DIRECTIONS:
Wherever the word "Black" appears in a line of the records, copy that line.

[Brief descriptive captions]
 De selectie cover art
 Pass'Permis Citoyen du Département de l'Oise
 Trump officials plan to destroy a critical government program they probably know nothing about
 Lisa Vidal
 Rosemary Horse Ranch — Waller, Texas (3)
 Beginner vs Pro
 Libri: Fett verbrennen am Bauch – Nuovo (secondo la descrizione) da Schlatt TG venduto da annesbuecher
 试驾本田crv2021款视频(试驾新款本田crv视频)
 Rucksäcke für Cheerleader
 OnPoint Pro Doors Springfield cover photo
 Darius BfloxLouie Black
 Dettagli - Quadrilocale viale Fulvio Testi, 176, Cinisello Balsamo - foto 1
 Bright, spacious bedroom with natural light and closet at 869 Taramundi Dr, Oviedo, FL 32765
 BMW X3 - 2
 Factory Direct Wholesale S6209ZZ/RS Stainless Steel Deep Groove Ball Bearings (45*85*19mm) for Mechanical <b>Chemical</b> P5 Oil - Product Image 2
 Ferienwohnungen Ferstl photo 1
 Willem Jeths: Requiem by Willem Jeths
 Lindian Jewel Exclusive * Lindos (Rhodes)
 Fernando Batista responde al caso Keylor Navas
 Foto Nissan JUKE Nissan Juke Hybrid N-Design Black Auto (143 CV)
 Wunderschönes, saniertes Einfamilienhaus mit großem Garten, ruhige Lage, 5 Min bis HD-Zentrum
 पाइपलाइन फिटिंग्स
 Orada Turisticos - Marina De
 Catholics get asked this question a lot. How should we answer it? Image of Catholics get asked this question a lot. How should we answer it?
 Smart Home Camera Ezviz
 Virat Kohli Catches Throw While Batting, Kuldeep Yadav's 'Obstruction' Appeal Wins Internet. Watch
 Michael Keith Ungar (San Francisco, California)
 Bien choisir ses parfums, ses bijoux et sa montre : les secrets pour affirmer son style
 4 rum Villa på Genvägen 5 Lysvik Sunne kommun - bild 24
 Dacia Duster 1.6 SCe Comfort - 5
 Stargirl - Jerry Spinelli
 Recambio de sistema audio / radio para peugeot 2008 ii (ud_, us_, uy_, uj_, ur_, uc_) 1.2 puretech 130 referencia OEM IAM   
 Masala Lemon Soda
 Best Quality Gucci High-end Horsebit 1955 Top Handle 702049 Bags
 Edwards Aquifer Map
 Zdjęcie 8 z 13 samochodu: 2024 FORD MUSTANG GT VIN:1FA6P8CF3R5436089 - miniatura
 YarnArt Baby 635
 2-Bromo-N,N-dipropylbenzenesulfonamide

TASK RESPONSE:
 Darius BfloxLouie Black
 Foto Nissan JUKE Nissan Juke Hybrid N-Design Black Auto (143 CV)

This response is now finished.